Background technology
Semi-conductive multiphase photocatalysis process can at room temperature react, can directly utilize sunshine with it, can be special performances such as mineral products such as carbon dioxide, water, non-secondary pollution with the majority of organic pollutants oxidation Decomposition, be considered to a kind of ideal environment pollution control technology.By solar photolysis water hydrogen, solar energy is stored with the form of fuel hydrogen, and realizes that luminous energy is catalysis material to chemical conversion of energy key.Concerning photocatalytic hydrogen production by water decomposition, the current subject matter that faces is quantum yield (system absorbs the number of certain incident that each photon causes) and to visible light-responded.The key that addresses this problem is exactly selection of catalysts and preparation.The key of conductor photocatalysis technology is efficient, the cheap visible light catalyst of preparation.Traditional following deficiency of conductor photocatalysis material ubiquity: photoelectric transformation efficiency is low, only can absorb shortcomings such as ultraviolet ray; Also there is following deficiency in the existing visible light responsive photocatalyst of having developed: not high, the easy inactivation of quantum efficiency and photochemical corrosion, load and problems such as regeneration and preparation cost.At present means such as mainly compound by surface modification, semiconductor, element doping of prior art and ion injection improve its photocatalytic activity.Therefore, exploring and develop that (or sunshine) novel photocatalysis material is the effective way that improves solar energy utilization ratio in various efficient, stable, the low-cost visible-ranges, is the key of conductor photocatalysis hydrogen production by water decomposition technical development.
Summary of the invention
The object of the present invention is to provide the novel nano composite visible light catalyst that a kind of catalytic efficiency height, stable in properties, cost are low, be easy to separate, another purpose is to provide its preparation method.

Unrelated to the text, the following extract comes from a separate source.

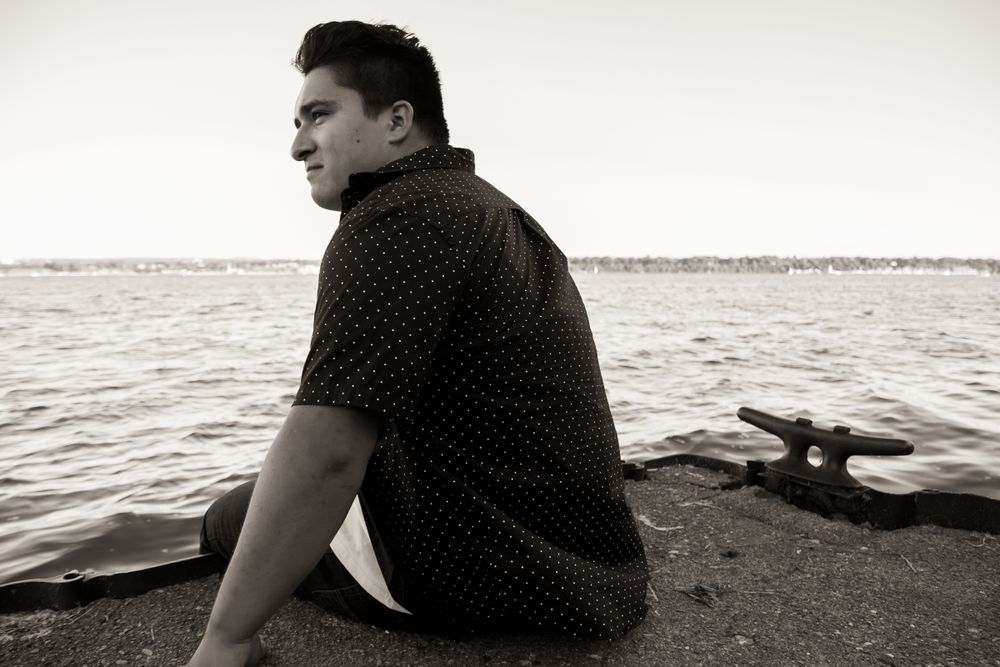 senior black and white beach presque isle guy natural light high school portrait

The present invention is based on nano metal plasma resonance effect and conductor photocatalysis effect, improve catalytic stability, strengthen, improve quantum yield and the visible light-responded the object of the invention that reaches greatly visible absorption by core-shell structure.Technical scheme is as follows: with mesopore molecular sieve MCM-41 is catalyst carrier, and simple substance silver is core, has the Ag@AgX of core-shell structure as the photochemical catalyst main part for shell, silver halide.Each composition percentage by weight is: 0.5%-5% silver, 5%-9.5% silver halide, 90%MCM-41 molecular sieve; Ethanolic solution or methanol aqueous solution are wetting agent, water in the wetting agent: ethanol or methyl alcohol volume ratio are (v/v) 1: 1.This catalyst is made the gray solid particle of homogeneous, and nanometer particle size is 30-50nm.Described silver halide AgX is silver chlorate, silver bromide.

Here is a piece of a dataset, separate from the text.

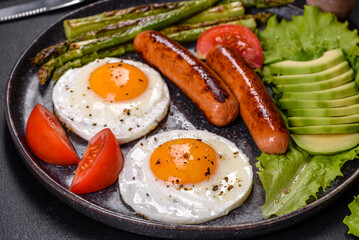 A delicious nourishing breakfast with fried eggs, sausages, asparagus, tomatoes, avocado, spices and herbs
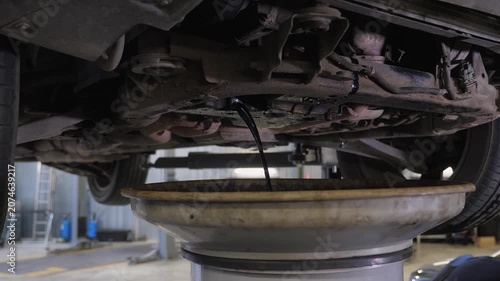 Close-up of the bottom after the oil change with a jet of water at the service station. The mechanic washes the car's bottom with a special tool.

The principle of the invention is: silver halide is important photosensitive material, as a kind of novel photochemical catalyst, has excellent photocatalytic performance aspect photocatalysis degradation organic contaminant.And metal nanoparticle has unique optical property-surface plasma body resonant vibration, simple substance Ag plays hybridism to semiconductor AgX, make its response light wavelength generation red shift, thereby make energy be lower than its electron transition of near ultraviolet excitation of energy gap, bring out photochemical reaction, and sunshine is stronger at the light of this scope.From practical standpoint, the silver halide catalyst specific surface agent of single component is little, particle diameter is little, and it is very difficult to separate recovery from product, and its application is very limited.The MCM-41 mesopore molecular sieve has high-specific surface area and regular mesopore orbit, and especially in heterogeneous catalysis field, mesopore molecular sieve is usually as catalyst or catalyst carrier.Photochemical catalyst is coated on the MCM-41, can obtains the multifunctional material that existing photocatalysis has mesoporous characteristic property again.Carrier of photocatalyst not only can fixed photocatalyst, prevents the loss of photochemical catalyst, and is easy to reclaim.It has complete band gap at near-infrared and visible region, help to improve effective surface area and the active site position that visible light photocatalysis active promptly increases photochemical catalyst, help right separation of electrons/and increase absorption, improve visible light radiant utilization rate reactant.The two synergy has improved the photocatalysis performance and the quantum efficiency of catalyst effectively.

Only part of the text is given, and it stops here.